Resolution

Obtaining a clear and cystal image is critical in ultrasound, especially when looking for a particular mass in an internal organ. Proper adjustments must be made in order to avoid artifactual echoes from arising so the diagnosis can be accurate and precise. Therefore, the concept of Image Resolution must be appreciated and understood. There are three types of Resolution: Detail, Contrast, and Temporal. Detail Resolution, or Spatial Resolution, can be broken down into Axial and Lateral Resolution. Contrast Resolution refers to Image Brightness (i.e. Output Power, Gain), whereas Temporal Resolution pertains to Time and and the Frame Rate.

Axial Resolution, or LARRD, is the ability of the system to distinguish two structures located at the same direction of the sound beam. LARRD is proportional to half of the Spatial Pulse Length (SPL), and as SPL decreases then LARRD decreases, which is essential to improve image resolution. The dominant factor in determining LARRD is SPL. Another way to reduce SPL is to increase the damping or backing material (make it thicker) or the frequency of the transducer. As more damping or backing material is applied to the thin crystal element, this reduces the number of cycles in a pulse thereby generating a shorter wavelength or SPL. The same applies by changing from a low frequency transducer to high frequency, which can also reduce the wavelength or SPL thus generating a shorter pulse. As previously mentioned, shorter pulses improve image resolution, therefore, in order to decrease LARRD, backing/damping material and the frequency should be increased to improve image resolution.

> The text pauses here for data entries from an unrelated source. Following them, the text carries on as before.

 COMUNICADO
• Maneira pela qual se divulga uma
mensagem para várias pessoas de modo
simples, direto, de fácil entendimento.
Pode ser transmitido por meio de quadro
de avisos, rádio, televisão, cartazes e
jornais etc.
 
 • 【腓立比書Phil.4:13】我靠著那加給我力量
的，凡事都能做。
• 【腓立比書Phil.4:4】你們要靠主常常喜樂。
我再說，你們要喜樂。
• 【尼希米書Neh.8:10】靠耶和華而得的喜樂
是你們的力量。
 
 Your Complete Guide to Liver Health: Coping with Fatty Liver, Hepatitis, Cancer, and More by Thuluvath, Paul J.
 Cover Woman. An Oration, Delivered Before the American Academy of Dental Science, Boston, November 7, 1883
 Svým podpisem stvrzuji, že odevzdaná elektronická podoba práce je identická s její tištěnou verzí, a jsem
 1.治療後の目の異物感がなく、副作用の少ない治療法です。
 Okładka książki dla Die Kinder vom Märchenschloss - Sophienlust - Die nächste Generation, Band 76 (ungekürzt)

Lateral resolution, or LATA, is the ability of the system to distinguish two structures located from side to side or perpendicular to the beam. LATA is equal to the beamwidth in the scan plane. As with LARRD, LATA is improved as it decreases, however, the image can only be improved through "focusing". Focusing can be done by applying lens outside of the cystal within the transducer (external), using a curved cystal element (internal), or electronic focusing through Phasing or Time-Delay. Electronic focus is the ability of the transducer to focus the beam by "steering" the sound through phasing. In addition to time delay, greater curvature in the phase delay pattern will have greater time delays thus moving the focus closer to the transducer. On the other hand, less curvature will generate shorter time delays thus moving the focus deeper. Therefore, phasing and time delay provides electronic control of the location of the focus.

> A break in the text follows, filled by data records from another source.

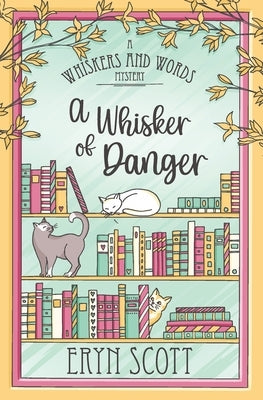 A Whisker of Danger by Scott, Eryn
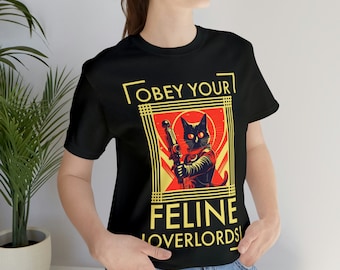 Feline Overlord Shirt, Katzen Boss Shirt, Haustier Eltern Shirt, Geschenk für Katzenliebhaber, lustiges Katzen Shirt, Retro Sci-fi Katzen Shirt, Haustier Shirt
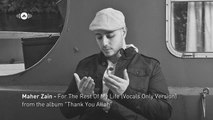 Maher Zain - For the Rest of My Life | Vocals Only Version (No Music)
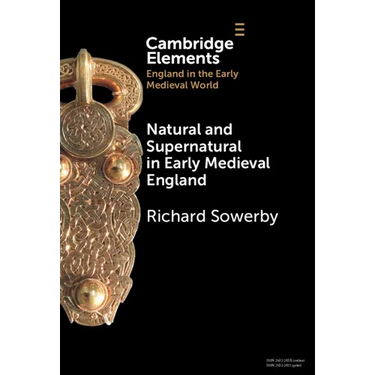 Natural and Supernatural in Early Medieval England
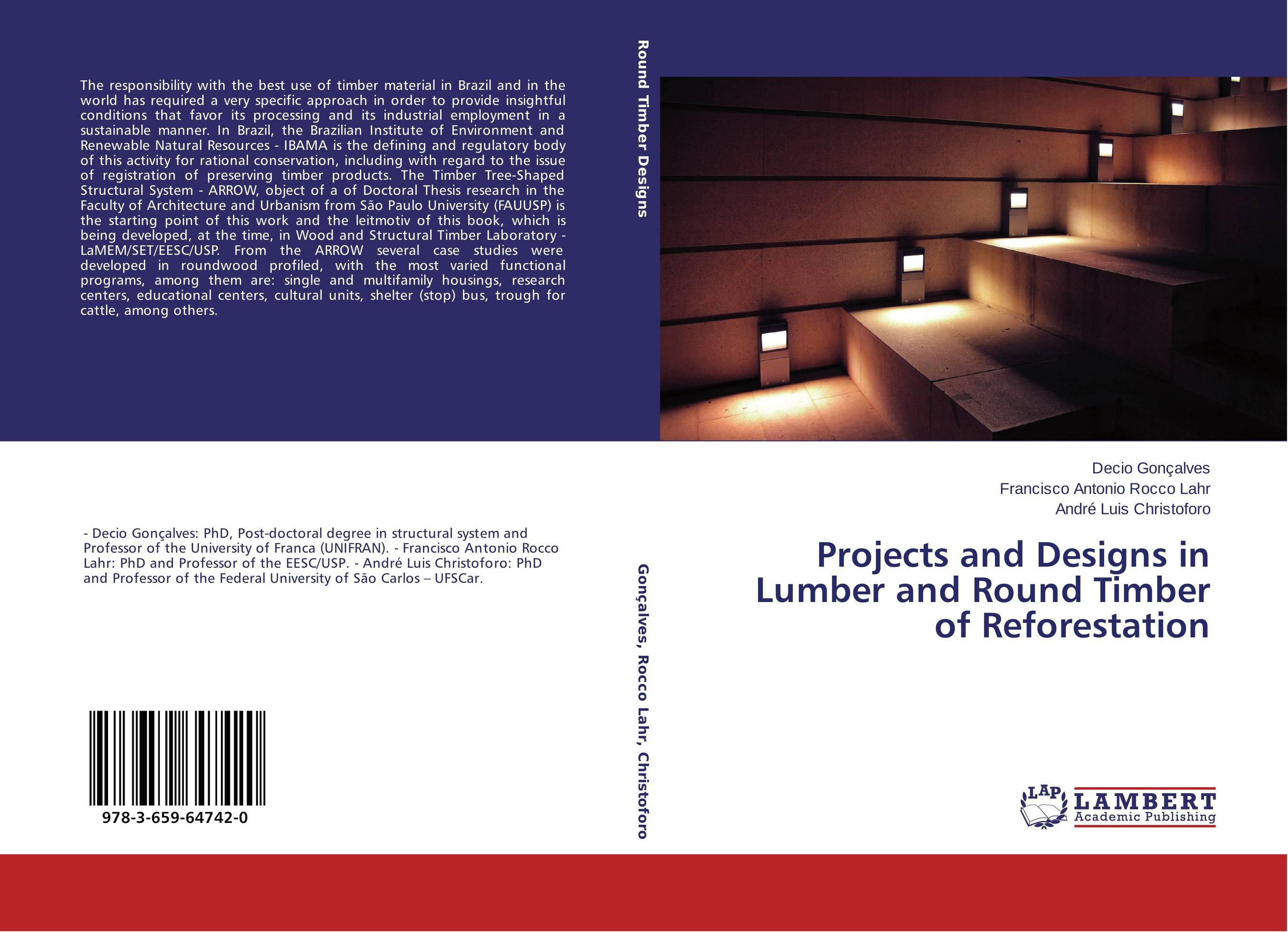 Projects and Designs in Lumber and Round Timber of Reforestation..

Focusing improves LATA, but in Contrast Resolution, the image is improved by a change in the following parameters: output power, gain, time gain compensation (TGC), post-processing, and log compression (log Comp). Contrast resolution refers to image brightness, and if the image is too bright, then one or more of the following parameters are used to change the contrast of the image. For example, by changing the log comp (dB), the number of bits are increased thereby producing a dark image. Contrast resolution are broken down into two types: high contrast and low contrast. In high contrast, a bright image is produced, speckle, increased frame rate, low persistance, and narrow dynamic range. As a result, a bad resolution is obtained. High contrast are often generated for echo studies, however, Low contrast is of the opposite. In Low contrast, a dark image is produced, less speckles, slower frame rate, high persistance, and wide dynamic range. As a result, good resolution is obtained. An example of using Low Contrast resolution is during an abdominal scan.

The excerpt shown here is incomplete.